Mr. Roy was struck with the intelligence of this “ordinary villager” and decided to meet him. Traveling to Balochistan, Mr. Roy managed to locate the man, who was known in the area as Wasu and he paired with him to produce a multi-episode show on Balochistan called Wasu Aur Mein [Wasu and Me]. The show was a blend of travel and humor while some Balochs found it offensive as Mr. Roy presented Wasu as an uncivilized Baloch villager with limited exposure to city life.
Wasu Aur Main, while continuously making viewers laugh, touched upon serious issues facing Balochistan. The show also included an interview with former Balochistan chief minister Nawab Mohammad Aslam Raisani. The biggest contribution of this show was its ability to attract, and educate, an urban educated youth that did not care much about politics but still watched the show because of Mr. Roy’s celebrity status.
9-MUSTAFA QADRI, Amnesty International’s Pakistan researcher, may humbly say that he is only doing his job while highlighting the atrocities in Balochistan. Yet, his proactive work has been very impressive in terms of educating an international audience and building pressure on the Pakistani government that the world is watching its actions against unarmed civilians.
In 2010, Mr. Qadri prepared an extensive report for Human Rights Watch about enforced disappearances in Balochistan.
In an article for C.N.N. on May 14th, 2013, Mr. Qadri wrote:
“Men and boys from the ethnic Baloch community have been abducted or extrajudicially executed by the security forces, with those advocating for greater autonomy or separation from Pakistan most at risk…Media workers who report on security issues… live with the fear that they could be killed at any moment and the state will not bring those responsible to justice.”
10-ALIA AMIRALI is not the last in the list because she is the youngest among all of the people featured in this article. The reason she is the last is because she represents the younger generation of the Pakistani supporters of Balochistan. This is the generation that will guide us to the future and, unfortunately, there are not too many young courageous Pakistanis who share Ms. Amirali’s passion about Balochistan.
Often overshadowed by the fact that she is the daughter of prominent Pakistani scientist, Dr. Pervez Hoodbhoy, Ms. Amirali, Punjab secretary general of the left-wing National Students Federation (N.S.F.) , developed a relationship with Balochistan as a researcher much before the escalation of the Baloch conflict in early 2000s. Now, a lecturer at the Quaid-e-Azam University, Islamabad, Ms. Amirali traveled extensively in remote parts of Balochistan, met with Baloch masses and the key nationalist leaders.
For many years, Ms. Amirali, a fiery speaker, has remained the first activist to rush to the streets of Islamabad to protest the central government’s policies in Balochistan. She has done that again and again.

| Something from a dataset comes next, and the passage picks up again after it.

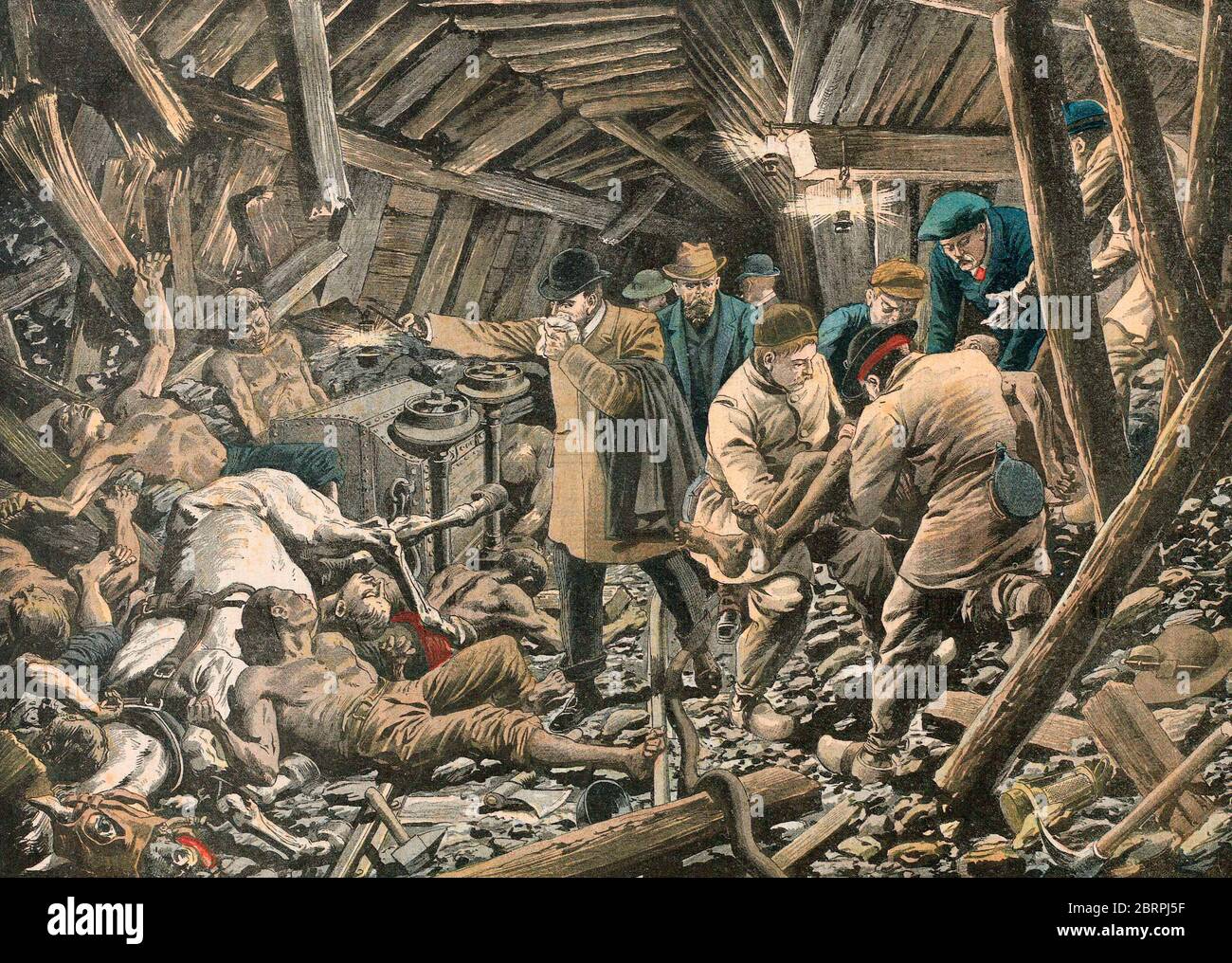 Courrières mine disaster, the tenth march 1906, in the towns of Billy-Montigny, Sallaumines, Méricourt and Noyelles-sous-Lens. Courrieres disaster - Rescuers discover a heap of corpses Stock Photo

According to her, “rhetoric of “foreign hands” has allowed for further militarisation of Balochistan and given the military a license to seal the province and make it a no-go zone where it can abduct, torture, kill and display bodies with impunity, extract Balochistan’s resources under the barrel of a gun, use Balochistan territory to conduct nuclear tests and garner lucrative ‘development’ projects through its subsidiaries.”